### Data provided
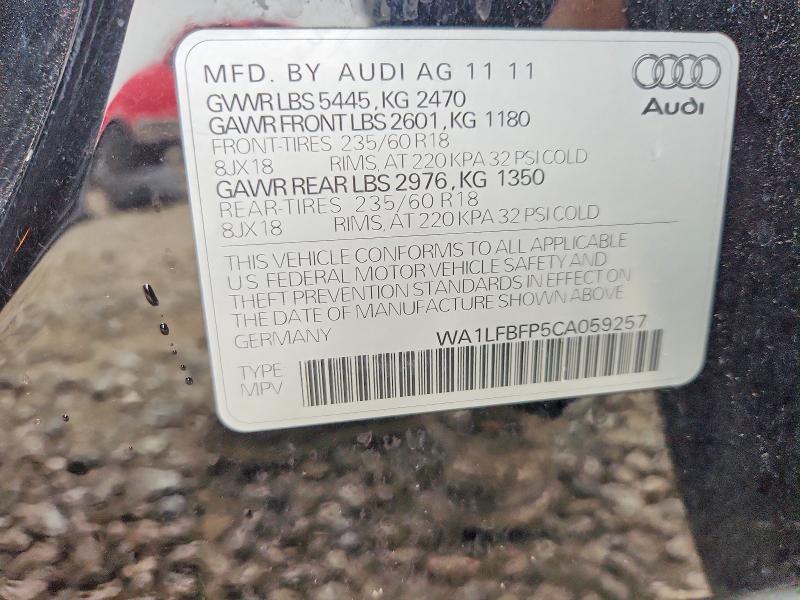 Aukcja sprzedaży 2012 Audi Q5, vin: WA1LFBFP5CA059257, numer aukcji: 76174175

---

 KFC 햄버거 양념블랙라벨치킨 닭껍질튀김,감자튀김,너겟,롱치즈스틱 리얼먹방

* * *

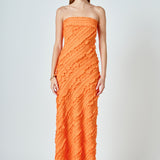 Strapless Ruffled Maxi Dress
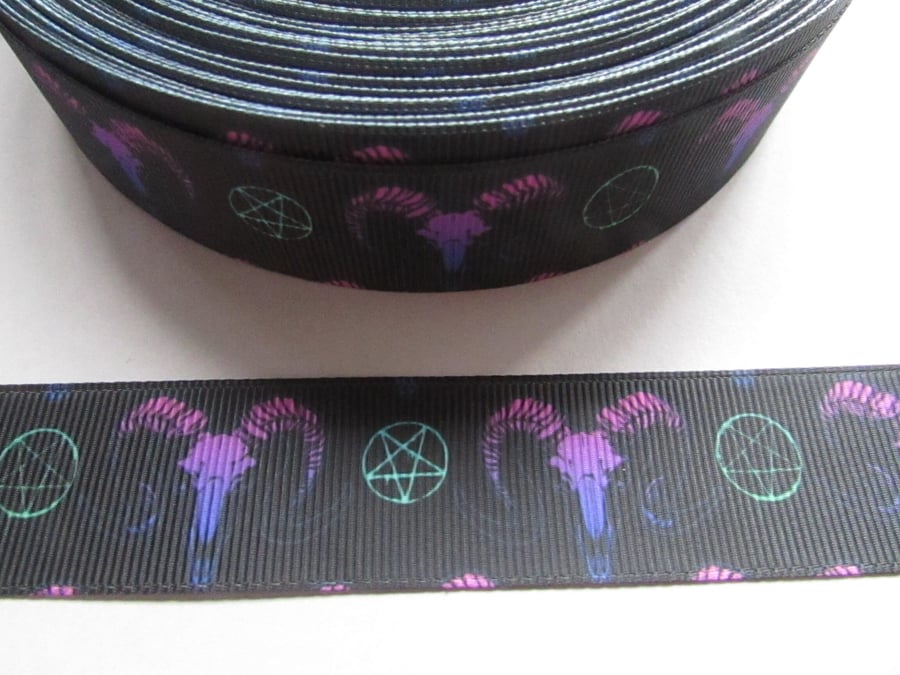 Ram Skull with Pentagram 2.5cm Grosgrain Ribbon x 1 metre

### Task statement
Starting at the line with "Strapless Ruffled Maxi Dress" in the entries above, write out every line exactly until the line with "Ram Skull with" has been written. Include no pictures and nothing more.

### Result of the exercise
 Strapless Ruffled Maxi Dress
 Ram Skull with Pentagram 2.5cm Grosgrain Ribbon x 1 metre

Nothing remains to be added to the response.